What
is the purpose of voyaging? Why does one put up with all the
inconveniences of small sailboat living? Are we seeking adventure or
are we all masochist? Escaping from someone or something? I
discovered that there are many fine sailor/authors who gave some very
compelling and varied reasons why they do it. Each of us I assume
must also share at least part of some of those feelings. So on this
page I would like to thank the writers for their inspiring thoughts
and to share some of their writings with you.
I hope you will also share some of those that you
have discovered too. Just e-mail
them to me.
Money is not the only thing one has to spend; the other thing is life. The difference is that you never know how much is in the bank, or what your balance is. Your life is your inheritance. As soon as you realize this, you start trying to spend your life wisely.

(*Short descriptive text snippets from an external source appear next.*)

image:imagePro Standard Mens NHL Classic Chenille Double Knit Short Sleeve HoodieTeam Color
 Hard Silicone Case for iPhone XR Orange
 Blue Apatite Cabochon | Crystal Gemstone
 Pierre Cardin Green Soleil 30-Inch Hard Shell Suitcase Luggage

Herb Payson, from book"Advice to the Sealorn".Skipper
In an age when mass society has rendered obsolete the qualities of individual courage and independent thought, the oceans of the world still remain, vast and uncluttered, beautiful but unforgiving, awaiting those who will not submit. Their voyages are not an escape, but a fulfillment.
The Slocum Society
Sailing without an engine requires a philosophy of acceptance and then it becomes very enjoyable. At
some point you must stop lamenting what you don't have and enjoy what you do have, wind and sail.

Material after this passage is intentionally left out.